Sunday, November 30, 2008

Belgian Cultural Festival in China

Almost a month ago now I was in China, to lecture at an event that was billed as the “First Belgian Cultural Festival in China”. Apparently this puts me among the “most renowned and diverse art forms, artists and academics” that Belgium has to offer. I’m pretty sure I’m not renowned, nor an art form, nor an artist, so I must be a diverse academic. There were perhaps a dozen of us: three academics, a comic book artist, a film-maker, two trios of musicians.

It was quite an intense few days, with as undoubted high-point one of the trios performing 18th-century music in Beijing North Cathedral, followed by the Cathedral Choir giving a rendition of two 17th-century sacred songs: Italian polyphonic chant with Chinese words, as sung by Chinese converts almost 400 years ago.
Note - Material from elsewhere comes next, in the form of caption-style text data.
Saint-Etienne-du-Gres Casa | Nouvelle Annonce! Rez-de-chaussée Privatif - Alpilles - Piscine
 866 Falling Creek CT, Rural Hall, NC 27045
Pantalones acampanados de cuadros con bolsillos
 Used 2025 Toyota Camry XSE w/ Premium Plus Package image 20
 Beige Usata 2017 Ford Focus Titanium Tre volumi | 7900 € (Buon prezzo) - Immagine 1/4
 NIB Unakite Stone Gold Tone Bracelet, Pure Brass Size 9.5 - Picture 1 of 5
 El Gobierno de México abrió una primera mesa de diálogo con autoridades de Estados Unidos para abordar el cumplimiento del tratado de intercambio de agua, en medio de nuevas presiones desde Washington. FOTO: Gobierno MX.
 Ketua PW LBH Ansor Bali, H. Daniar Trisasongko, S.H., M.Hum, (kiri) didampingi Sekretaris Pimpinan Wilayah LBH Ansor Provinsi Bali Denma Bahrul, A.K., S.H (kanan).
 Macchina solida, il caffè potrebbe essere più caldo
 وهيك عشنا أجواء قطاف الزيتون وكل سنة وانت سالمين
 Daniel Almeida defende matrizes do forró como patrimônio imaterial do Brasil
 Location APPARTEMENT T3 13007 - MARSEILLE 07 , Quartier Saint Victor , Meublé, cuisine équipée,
Eerily beautiful music, beautifully performed, and with the added touch that it was in the the ideal setting: the oldest church in Beijing. It quite brought tears to my eyes. Afterwards, we were taken to a hot pot restaurant by a former student who now edits the lifestyle section of a business magazine (she’s also a former teacher, having done some Chinese tutoring after graduation: I’m not sure what that does to our relationship in Confucian terms, but I’m older so perhaps that settles things).

Chatting to a journalist after one of the lectures, I was asked what my “most profound impression of Beijing food” might be. My answer (“I really like the dumplings”) was plainly not profound enough for my interlocutor, whose smile took on a frozen look. What was I supposed to say?

Most of the event was hosted at Peking University, which (I discovered on our final day there) must be a front-runner for the title of most beautiful campus in the world.